Starting at the first line of the listing below, repeat each line exactly until the line containing "Solomon Islands 5", which you include. Leave out pictures.

Dataset content:
╭──
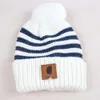 Carharttlys Hat Designer Qualité d'origine Automne et hiver tricot tricot pour hommes et femmes Striped Hat Protection d'oreille Protection d'oreille chaude chapeau accessoires sportifs décontractés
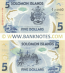 Solomon Islands 5 Dollars 2022 (A/5 77xxxx) polymer UNC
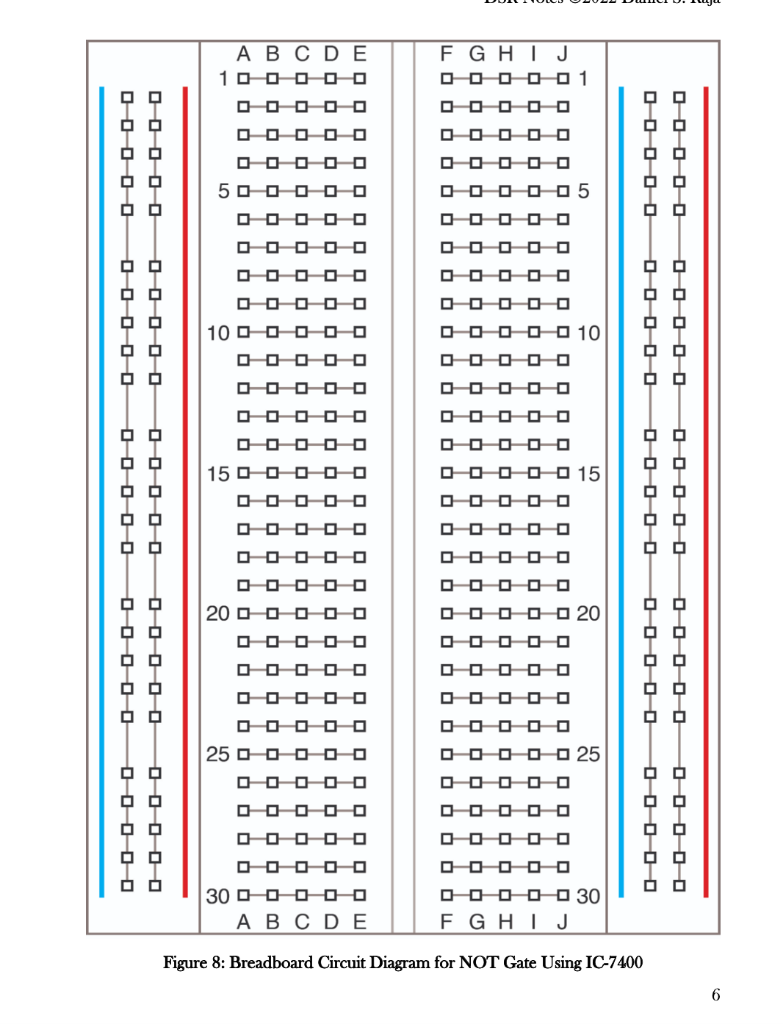 Solved 1, Using the figure upper, breadboard circuit diagram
╰──
Final answer:
 Carharttlys Hat Designer Qualité d'origine Automne et hiver tricot tricot pour hommes et femmes Striped Hat Protection d'oreille Protection d'oreille chaude chapeau accessoires sportifs décontractés
 Solomon Islands 5 Dollars 2022 (A/5 77xxxx) polymer UNC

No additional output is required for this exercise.